### Exercise instructions
Your job is to retype all of the data word for word, leaving every image out.

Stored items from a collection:
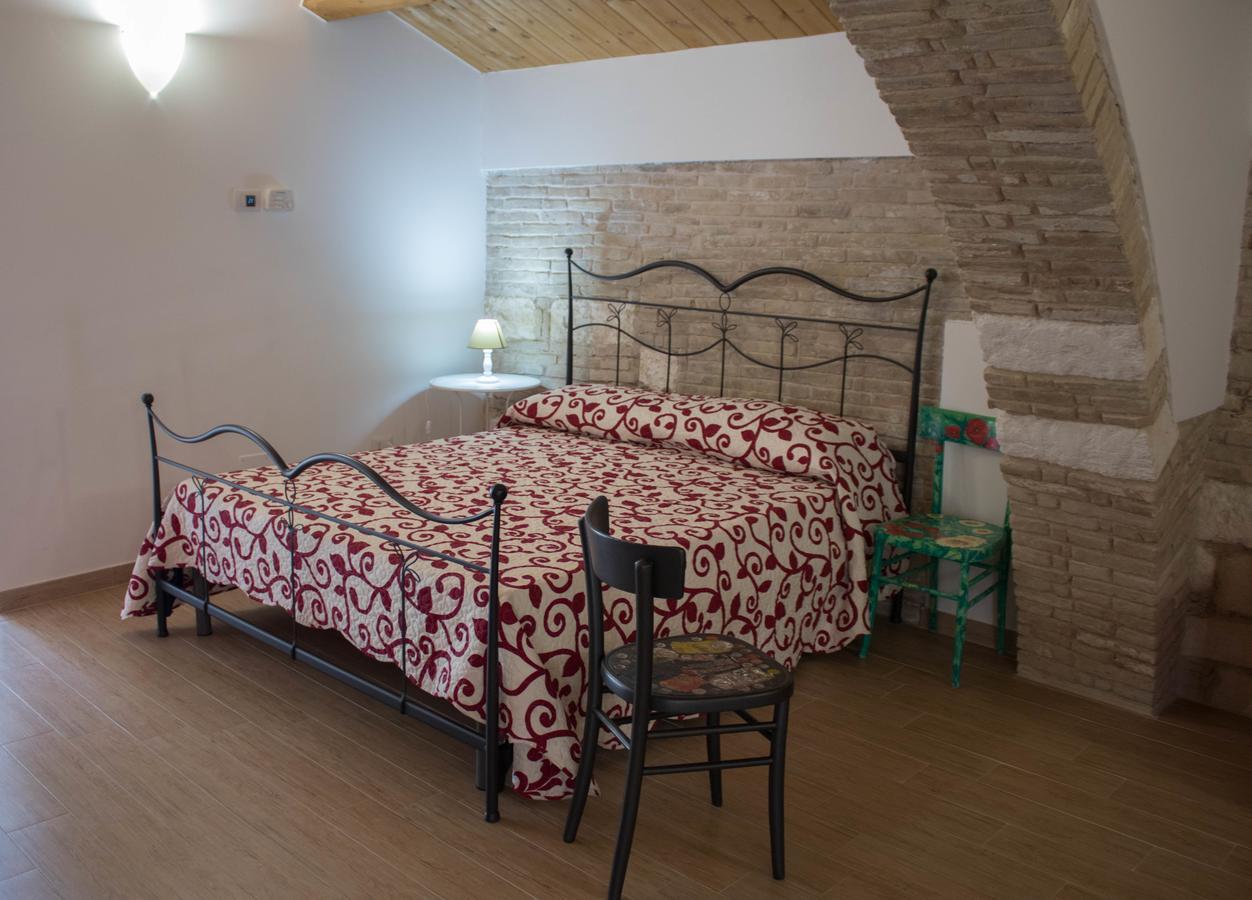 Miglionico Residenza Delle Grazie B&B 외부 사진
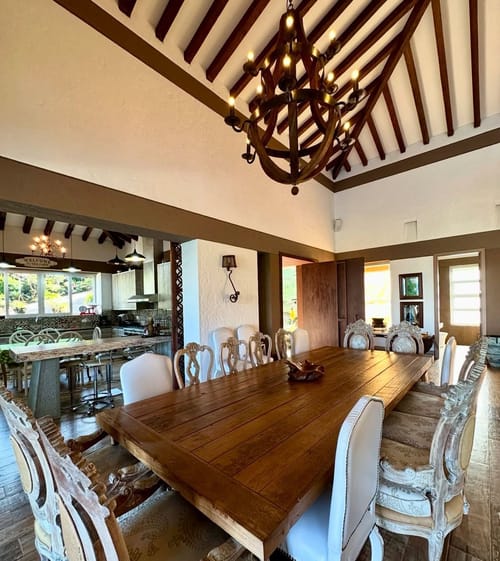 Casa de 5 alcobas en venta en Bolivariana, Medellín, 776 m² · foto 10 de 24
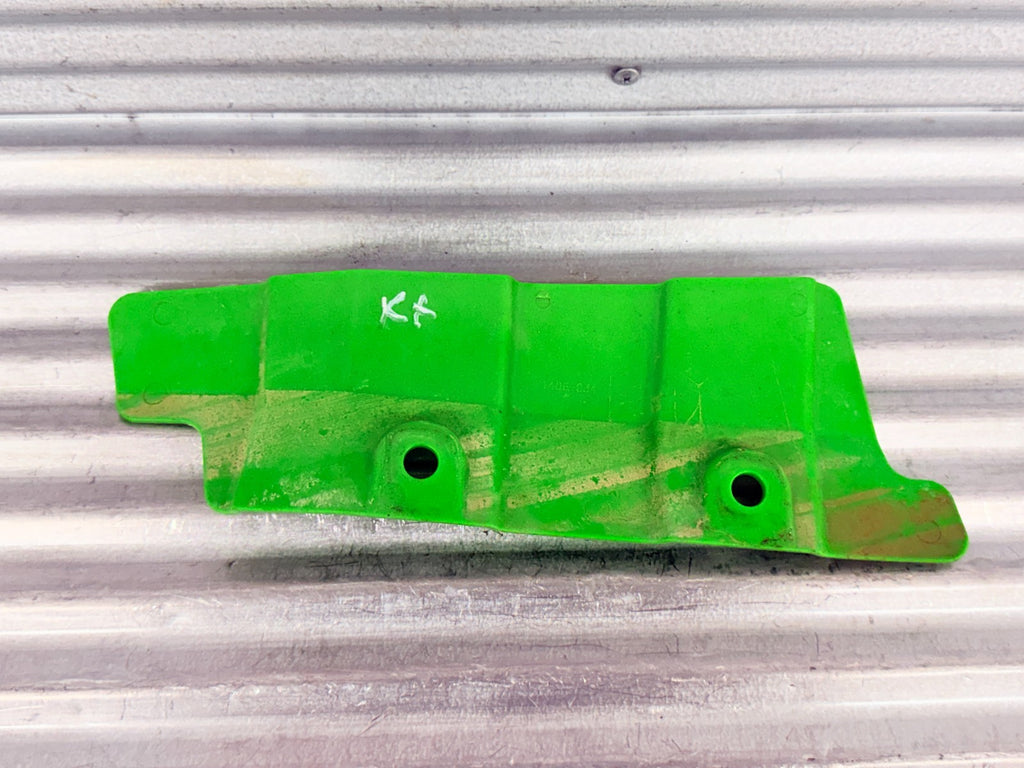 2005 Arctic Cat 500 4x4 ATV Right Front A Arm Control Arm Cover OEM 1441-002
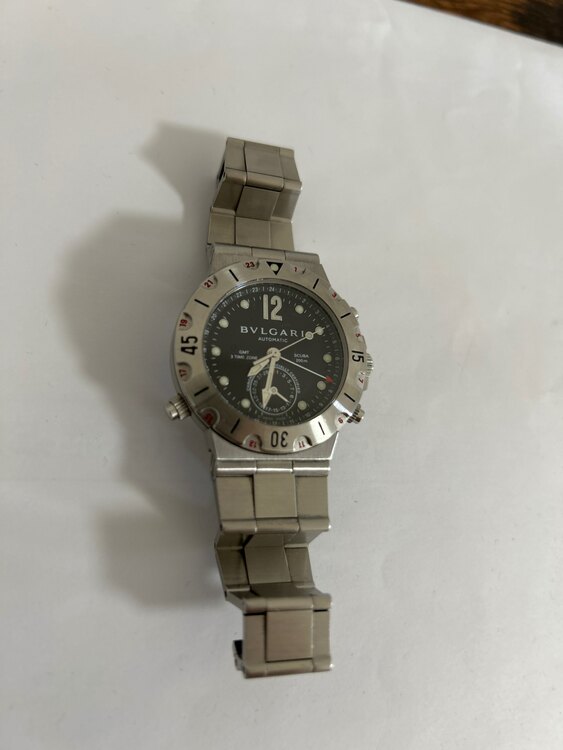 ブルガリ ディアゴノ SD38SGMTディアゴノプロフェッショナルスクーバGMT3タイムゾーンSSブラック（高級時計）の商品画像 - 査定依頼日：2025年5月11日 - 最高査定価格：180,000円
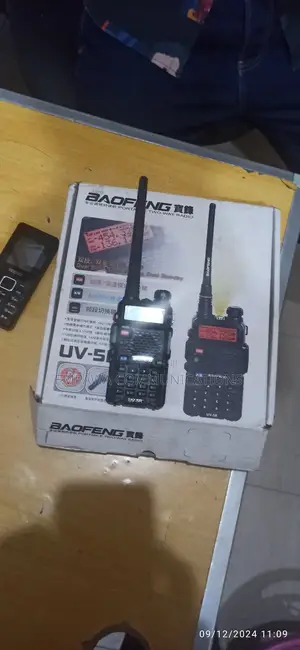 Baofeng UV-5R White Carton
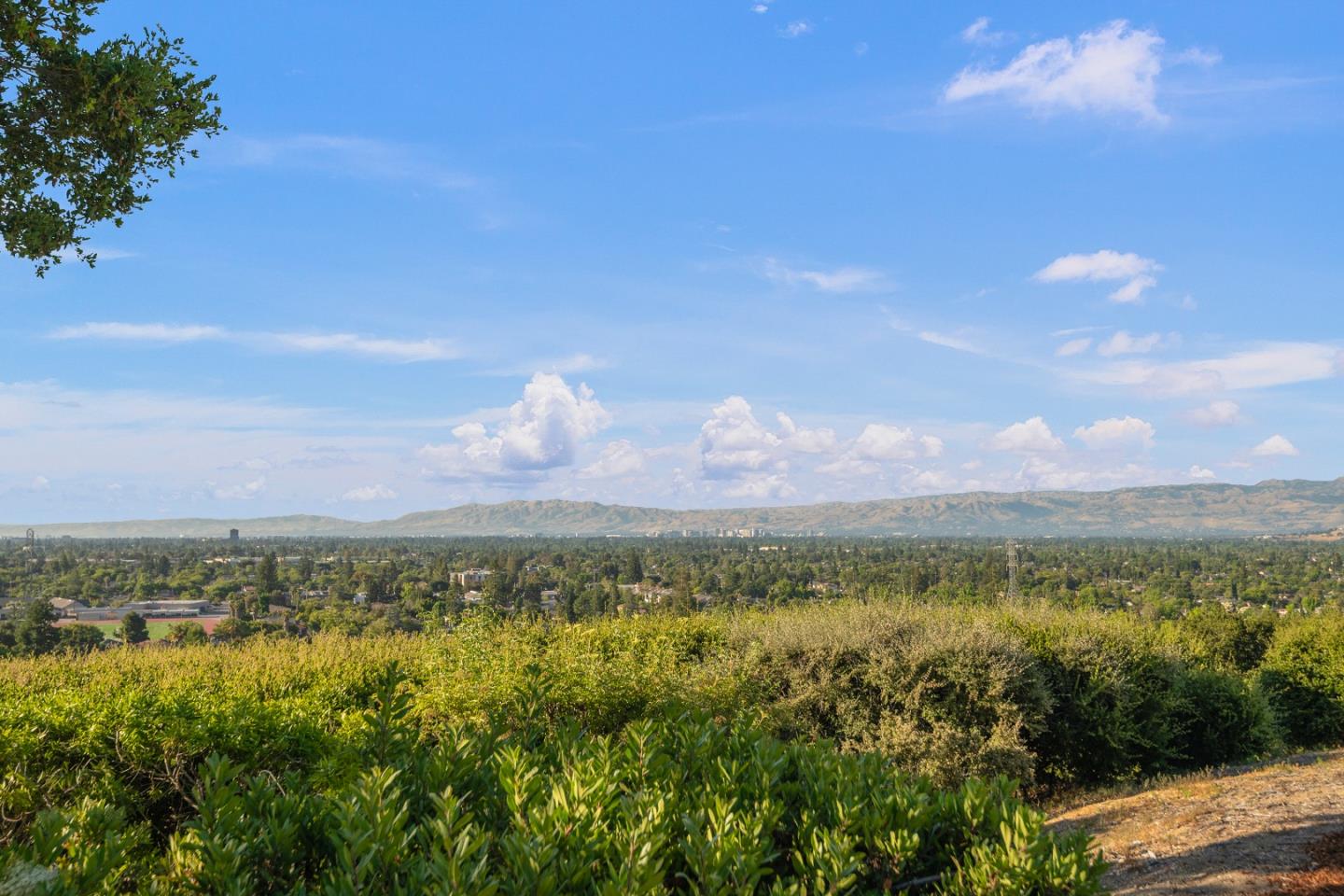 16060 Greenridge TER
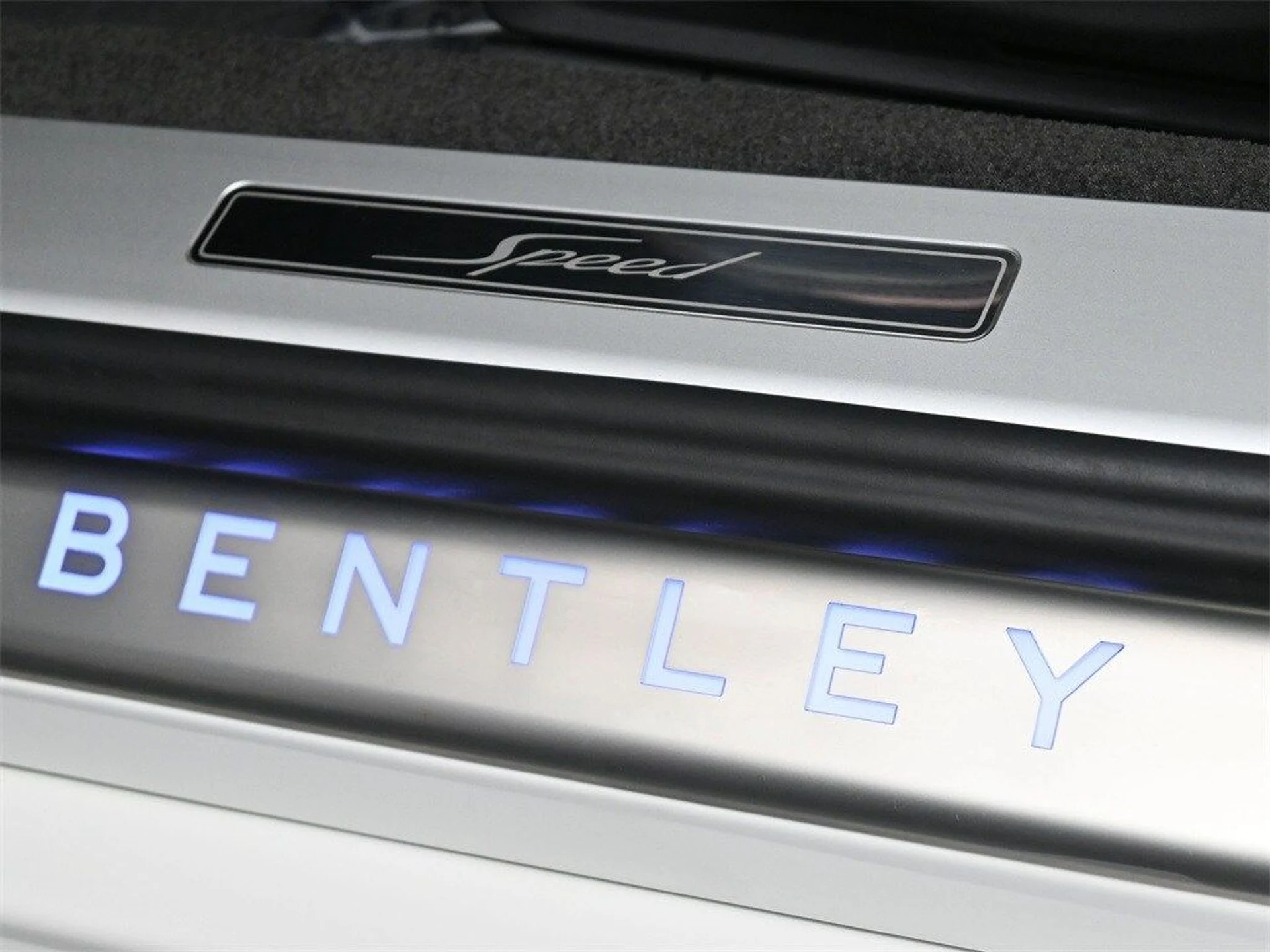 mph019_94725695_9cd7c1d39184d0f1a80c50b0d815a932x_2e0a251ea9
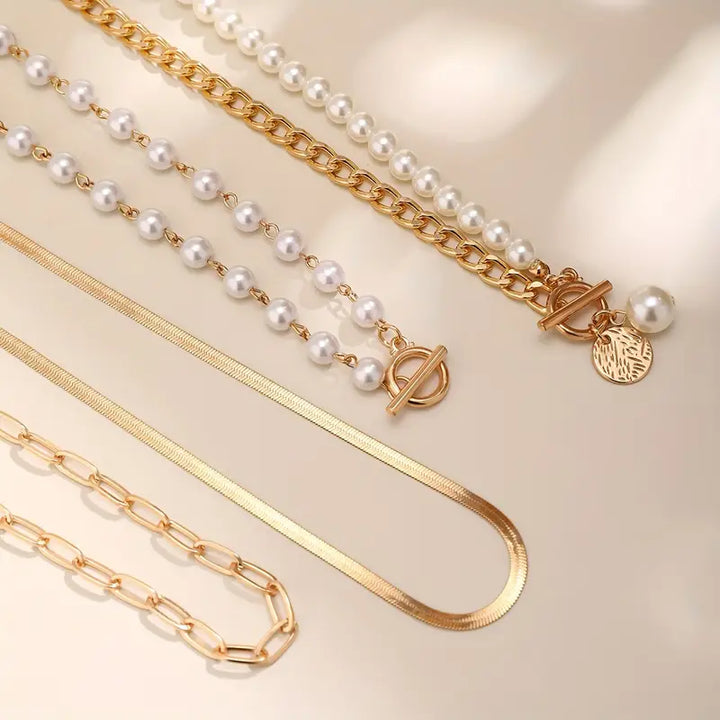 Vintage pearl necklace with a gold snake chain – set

### Written answer
 Miglionico Residenza Delle Grazie B&B 외부 사진
 Casa de 5 alcobas en venta en Bolivariana, Medellín, 776 m² · foto 10 de 24
 2005 Arctic Cat 500 4x4 ATV Right Front A Arm Control Arm Cover OEM 1441-002
 ブルガリ ディアゴノ SD38SGMTディアゴノプロフェッショナルスクーバGMT3タイムゾーンSSブラック（高級時計）の商品画像 - 査定依頼日：2025年5月11日 - 最高査定価格：180,000円
 Baofeng UV-5R White Carton
 16060 Greenridge TER
 mph019_94725695_9cd7c1d39184d0f1a80c50b0d815a932x_2e0a251ea9
 Vintage pearl necklace with a gold snake chain – set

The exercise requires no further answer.